Look at each line: though the operation may have a different name, its type is the same. Obviously, the types alone don't tell us enough about the operations. But the equations do. Here's how to read each equation:

1. The empty queue is empty.
2. Enqueueing makes a queue non-empty.
3. Enqueueing x on an empty queue makes x the front element. But if the queue isn't empty, enqueueing doesn't change the front element.
4. Enqueueing then dequeueing on an empty queue leaves the queue empty. But if the queue isn't empty, the enqueue and dequeue operations can be swapped.

For example,

  front (deq (enq 1 (enq 2 empty)))
=   { equation 4b }
front (enq 1 (deq (enq 2 empty)))
=   { equation 4a }
front (enq 1 empty)
=   { equation 3a }
1


And front empty doesn't equal any value according to the equations.

Implementing a queue as a list results in an implementation that is easy to verify just with evaluation.

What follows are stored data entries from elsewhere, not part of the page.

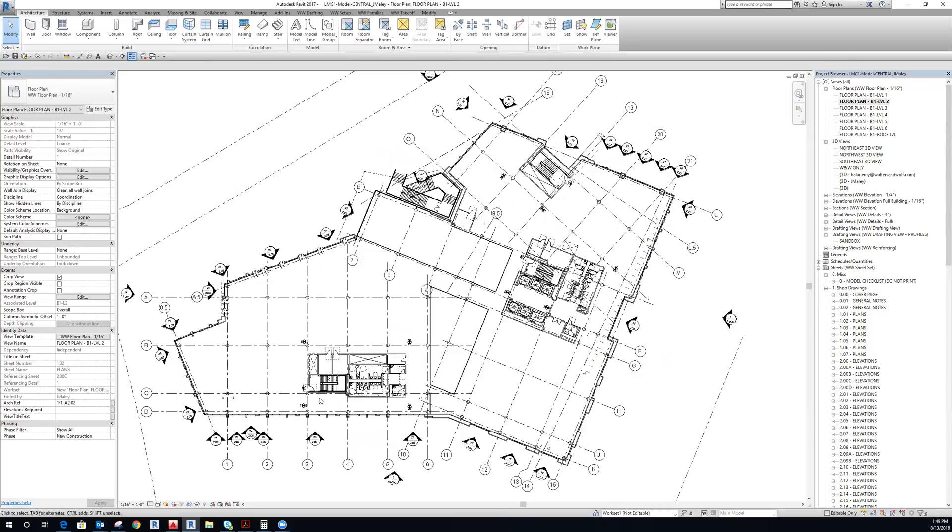So I still have the model elements. I still have all the staircases and walls and everything in the architect's model, but I don't have any of their grid lines or other annotations.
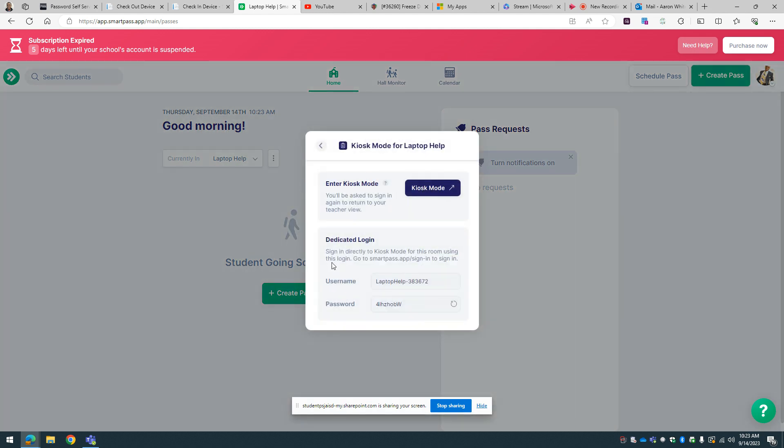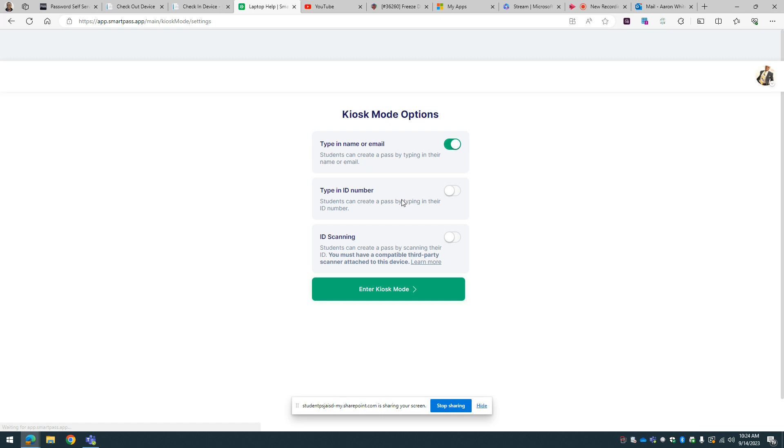Alright, so if there's a computer, this is the username and password for kiosk mode if I'm on a random computer or a random iPad or whatever. If not, I'm just going to go ahead and activate kiosk.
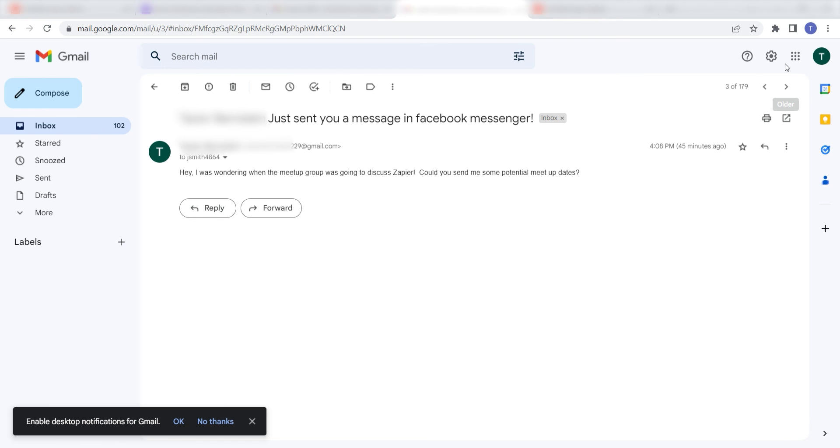I hope this was a helpful demo. Zapier can do so much more with these two apps and thousands of others. Check Zapier out. There's a free trial. Click the link in the description.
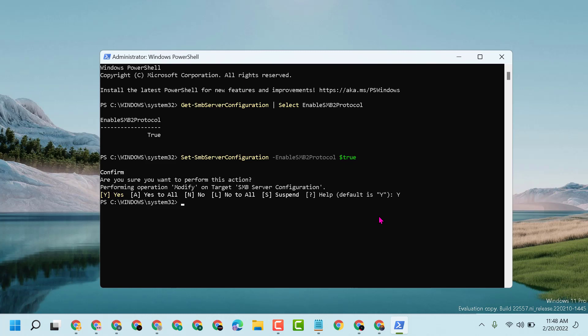In case you want to disable SMBv2, copy and paste the third command line.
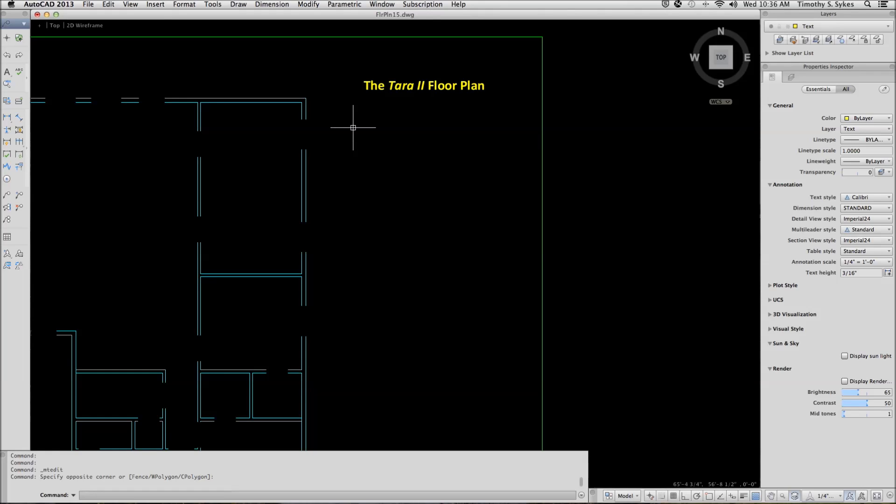This is exercise 15-1-2-A, Editing Multiline Text. I'm in the Floor Plan 15 drawing in the Steps Lesson 15 folder.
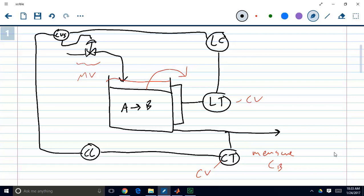Hi. So this video demo is a continuation of our last video demo where we implemented an override control scheme.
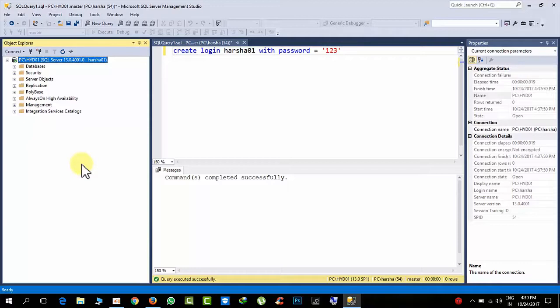I hope this video will help you understand the difference between Windows authentication and SQL authentication. Thanks for watching this video, bye.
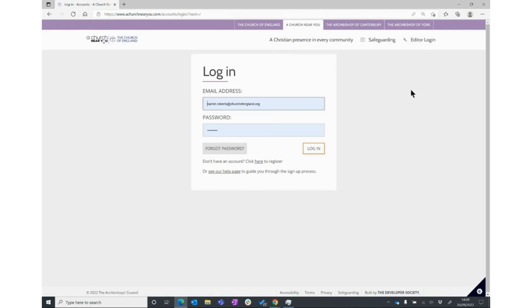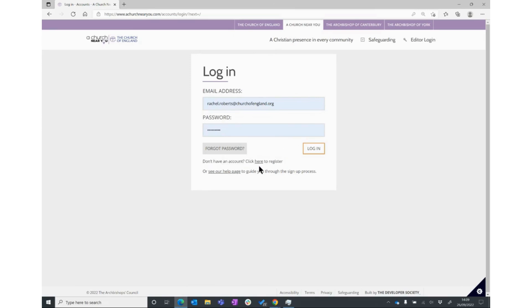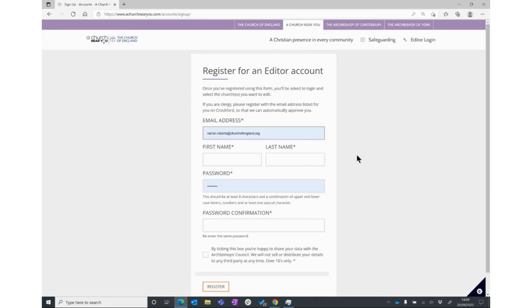You'll then get a form for logging in, which obviously you won't be able to do yet. But underneath it says don't have an account, click here to register. That's what you need to do - go where it says click here.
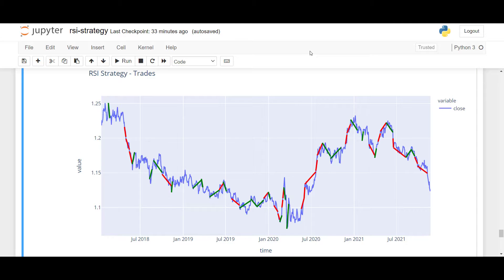We are now at the end of the video. Thank you very much for your attention. I hope you enjoyed the topic on the RSI strategy. As a reminder, you can download the Jupyter notebook by following the links in the description below, and I will be back soon with another video.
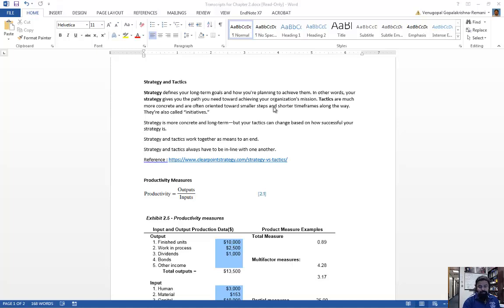To start with, what is the difference between strategy and tactics? Strategy defines your long-term goals and how you are planning to achieve them. In other words, your strategy gives you the path you need towards achieving your organization's mission. Tactics are much more concrete and are often oriented towards smaller steps and shorter timeframes along the way.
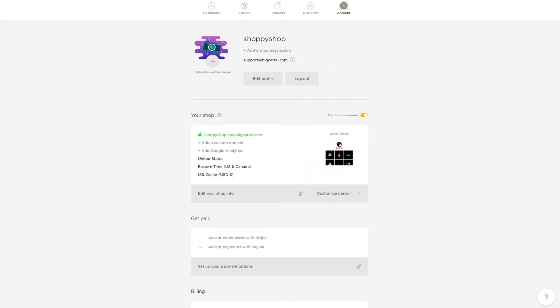Hi there, Mary here with Big Cartel Support, and I'm going to show you how to buy a new Google custom domain from within your Big Cartel Admin.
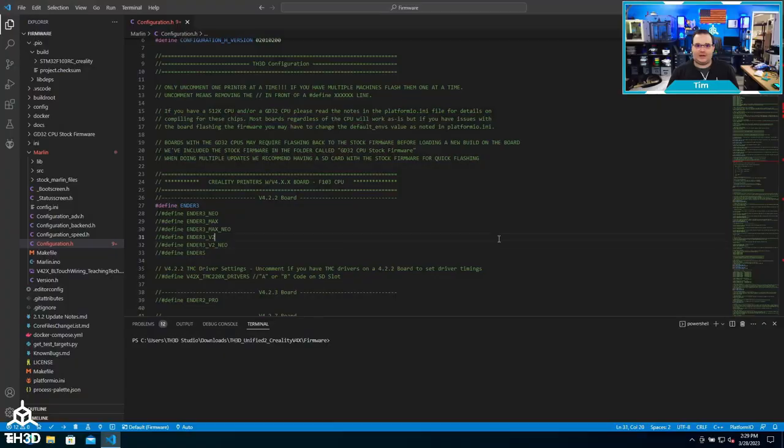Now that we've gone over the basic steps to compile stock printer firmware, I want to show you a bunch of things that we have in our firmware to do different upgrades, whether it be an Easy ABL bed leveling sensor, adding neopixel LEDs, or just changing your extruder. We're going to give you a quick tour of all the other options in firmware.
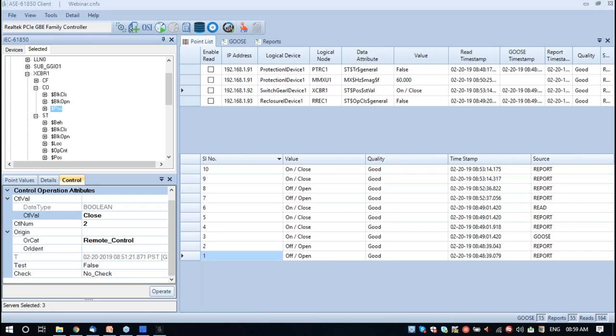I think we have covered almost everything with respect to the demo. We went through the demo and saw the features as well. We have already reached the one-hour limit, so I'm passing it on back to the moderator.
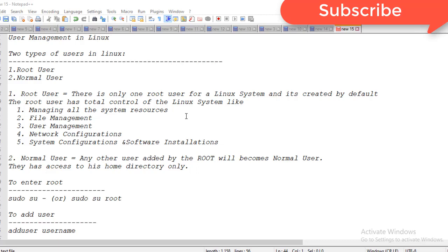In the last class we discussed how to copy files from one directory to another, and how to move files from one directory to another. Now we are going to discuss a special topic: user management in Linux.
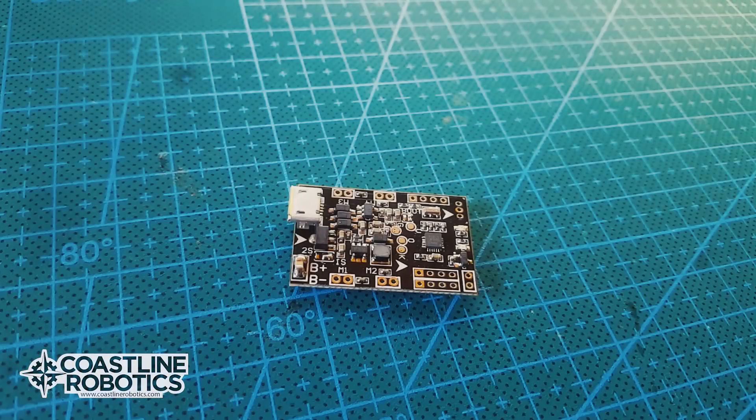Hey guys, Ronald here with Coastline Robotics. Today I'm going to show you how to flash the SP Racing F3 board for brushed motors by request of some people who have sent me emails asking how to do it because sometimes it could be a little bit confusing, but it's actually pretty simple to do. So here we go.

module ListQueue : Queue = struct
type 'a t = 'a list
let empty = []
let is_empty q = q = []
let front = List.hd
let enq x q = q @ [x]
let deq = List.tl
end


For example, 4a can be verified as follows:

  deq (enq x empty)
=   { evaluation of empty and enq}
deq ([] @ [x])
=   { evaluation of @ }
deq [x]
=   { evaluation of deq }
[]
=   { evaluation of empty }
empty


And 4b, as follows:

  deq (enq x q)
=  { evaluation of enq and deq }
List.tl (q @ [x])
=  { lemma, below, and q <> [] }
(List.tl q) @ [x]

enq x (deq q)
=  { evaluation }
(List.tl q) @ [x]


Here is the lemma:

Lemma: if xs <> [], then List.tl (xs @ ys) = (List.tl xs) @ ys.
Proof: if xs <> [], then xs = h :: t for some h and t.

List.tl ((h :: t) @ ys)
=   { evaluation of @ }
List.tl (h :: (t @ ys))
=   { evaluation of tl }
t @ ys

(List.tl (h :: t)) @ ys
=   { evaluation of tl }
t @ ys

QED


Note how the precondition in 3b and 4b of q not being empty ensures that we never have to deal with an exception being raised in the equational proofs.